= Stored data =
========================================================================

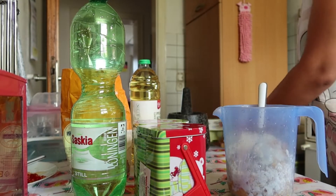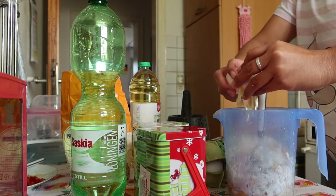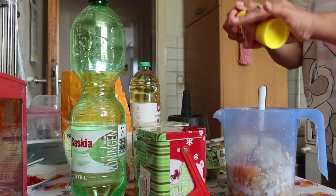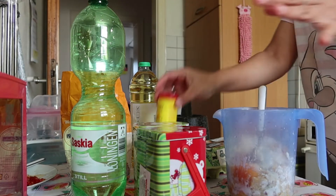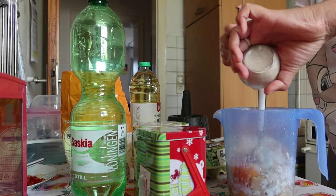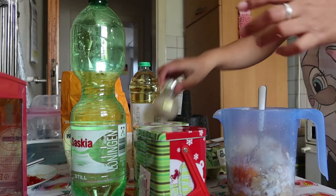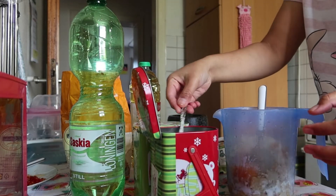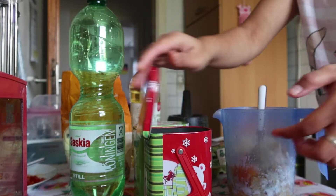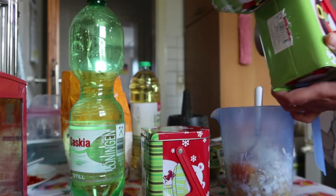Setelah itu aku pake telur. Lalu aku pake penyedap rasa sedikit aja, lada putih sedikit aja. Garam gula — untuk gulanya setengah sendok teh aja, karena dari jagungnya itu udah manis guys, ini aku pake jagung manis. Lalu pake garam satu sendok teh.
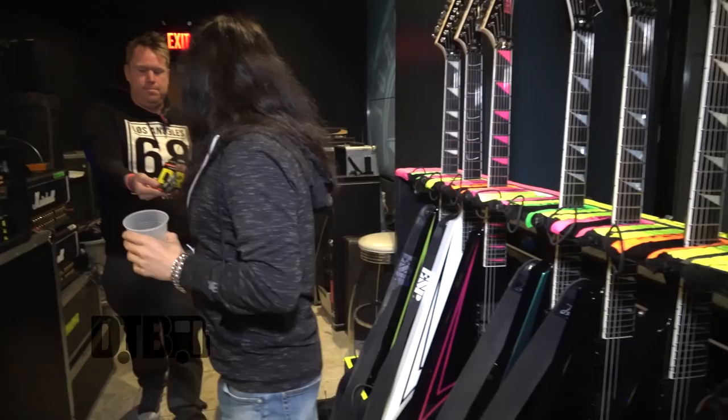Here are the strings we use on both tunings. Currently we're touring with one tuning, but when we use both, we use the same set. I switched to ESP when I joined Children of Bodom — before that I played some random brands. ESP has been very solid and very good; I really enjoy playing these guitars.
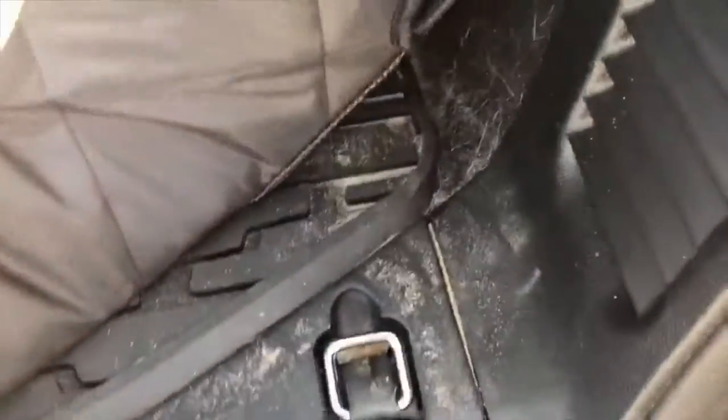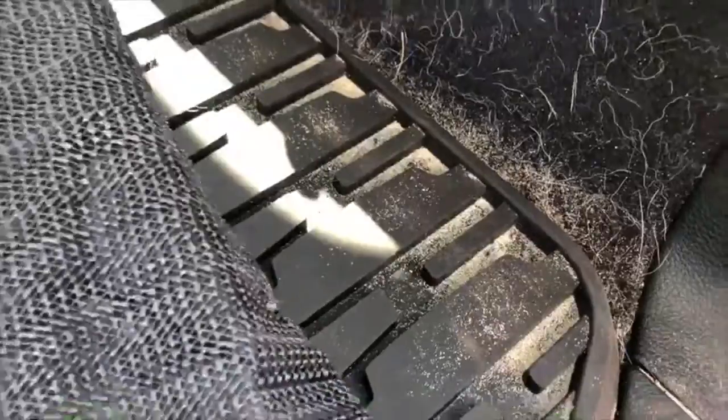So in our Jeep we have these tie downs which we are using for this cargo liner. My other liner you actually do tie it down, but it looks like you're supposed to be able to just let it dangle, which is kind of a nice feature. What I really like is the fact that it does go up along the edges — it doesn't go all the way up, but that's because we didn't have a cargo liner that went up all the way.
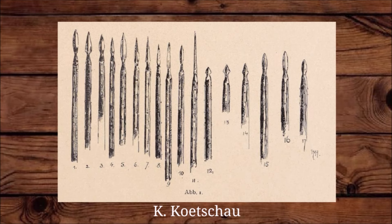Now that I've shared a few of the different styles of pike points, I wanted to share a few more points about the pike.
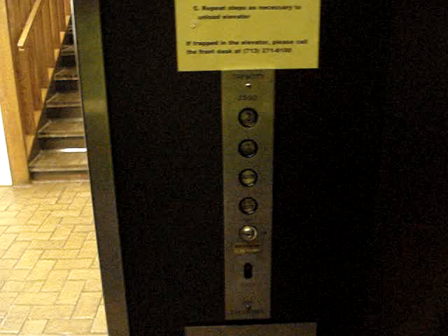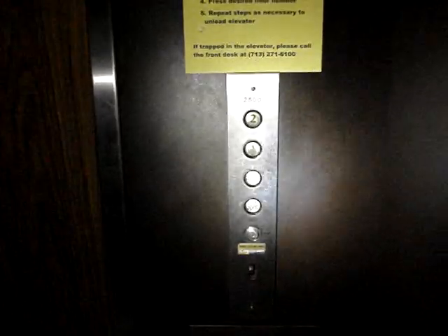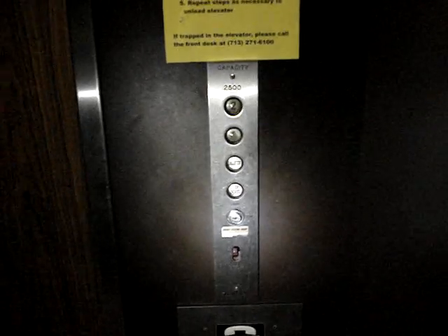There's no floor indicator in here. Slow light, so we'll use the LED lenser. The fan is kind of loud.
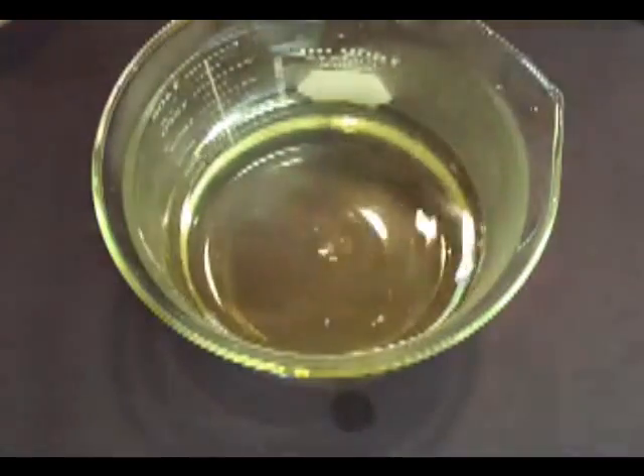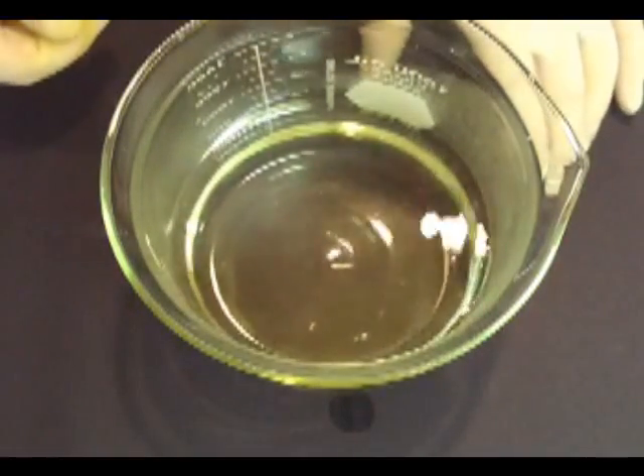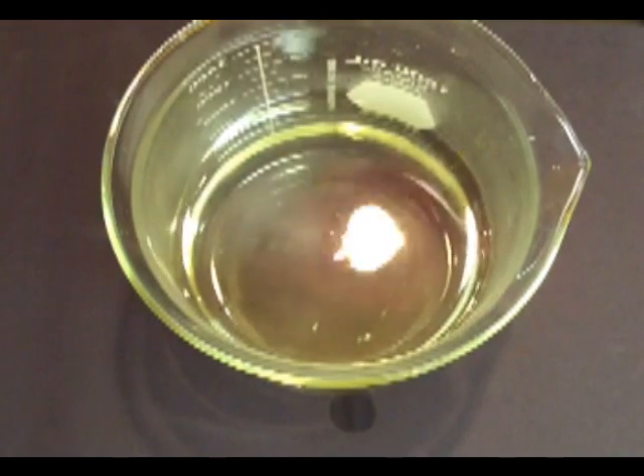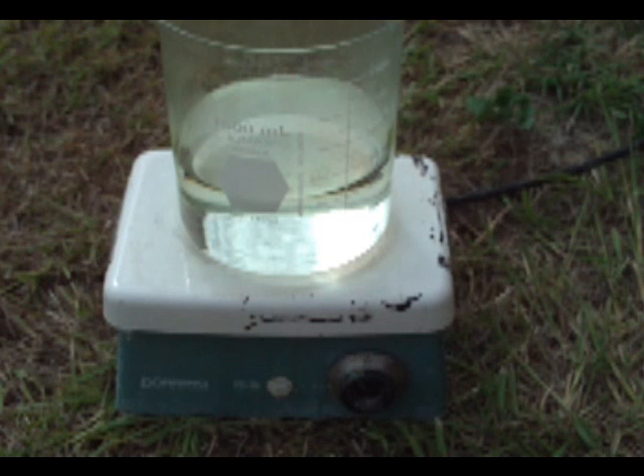Here's our mixture. It has a slight yellow tint due to contaminants in the hydrochloric acid — not to worry, it will not be there in the final product. So now let's take this outside and place it on a hot plate turned to high heat. Be sure to add some boiling stones. We want to boil off about two thirds of the volume to get rid of the water.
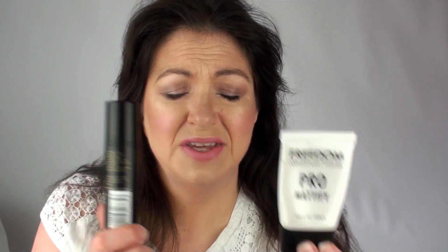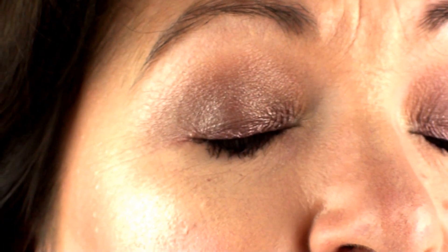The Freedom Pro Mattify is more like the old Smashbox Photo Finish primer — that silicone-y feel and coating on skin. The other is runnier, less silicone-y, less coating. I have to say I prefer the Freedom Pro Mattify out of the two face primers — sorry Makeup Revolution, that's how the cookie crumbles. For the eye primers though, if you do a close-up shot of my eyes you can honestly see there is no difference at all.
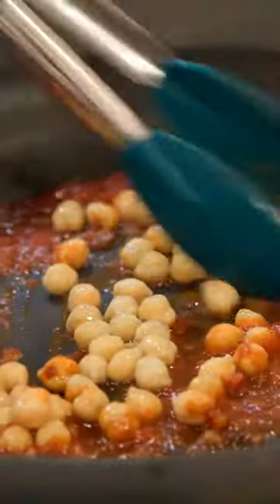Drop our pasta with salt. Add a little bit of chili flake. Cherry tomato sauce. Add the chickpeas just to heat them through.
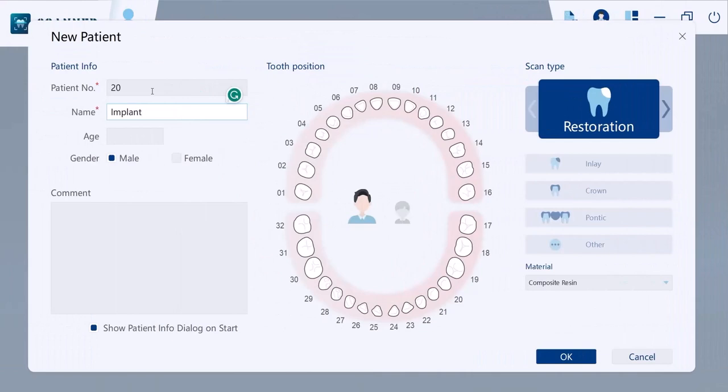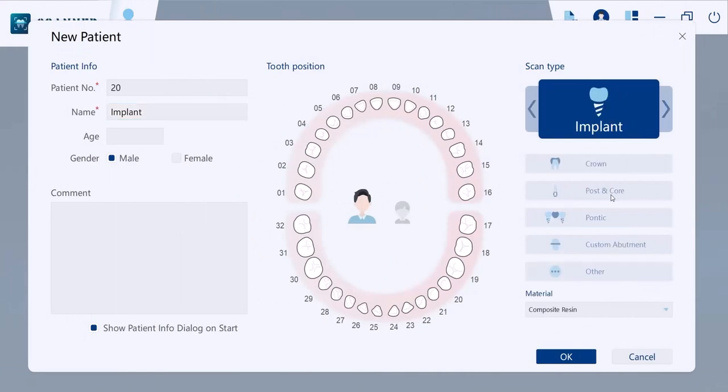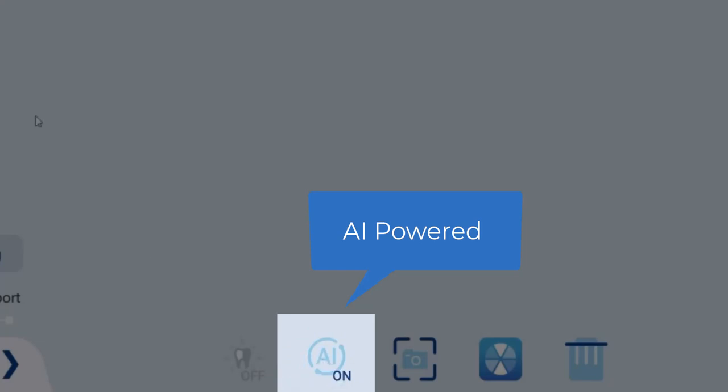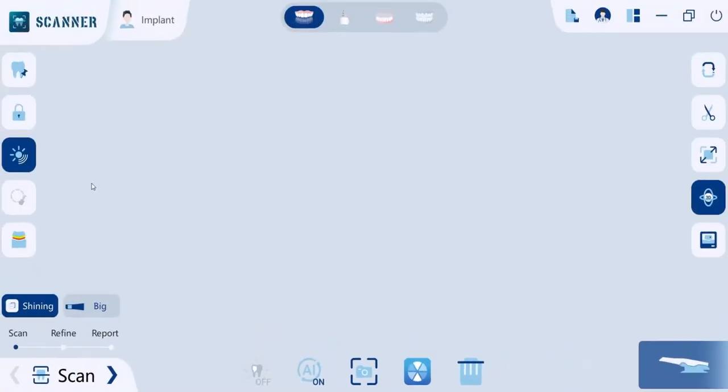Returning to the software interface, where you can seamlessly save your patient's data and choose whether your workflow is a restoration or an implant. Before you start scanning, here are some features to explore. Our software is powered with AI to remove unnecessary data like tongue and cheeks. Just make sure that it's turned on before scanning.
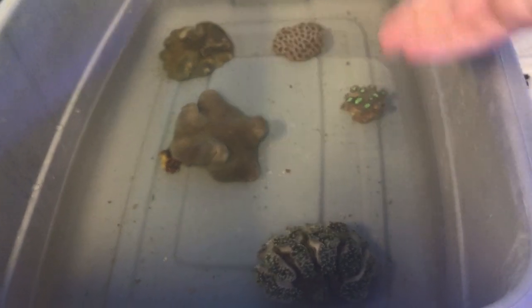Tiny hermits, cleaner shrimp, assorted inverts, Cerith snails, and all the corals — we also got new corals in. That's all the inverts and coral.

========================================================================

= ACTION ITEM =
All pictures are to be skipped. Output, word for word, the lines in the data above starting at the line containing "So in our Jeep" and ending at the line containing "Now that I've".

= TASK ANSWER =
So in our Jeep we have these tie downs which we are using for this cargo liner. My other liner you actually do tie it down, but it looks like you're supposed to be able to just let it dangle, which is kind of a nice feature. What I really like is the fact that it does go up along the edges — it doesn't go all the way up, but that's because we didn't have a cargo liner that went up all the way.
Now that I've shared a few of the different styles of pike points, I wanted to share a few more points about the pike.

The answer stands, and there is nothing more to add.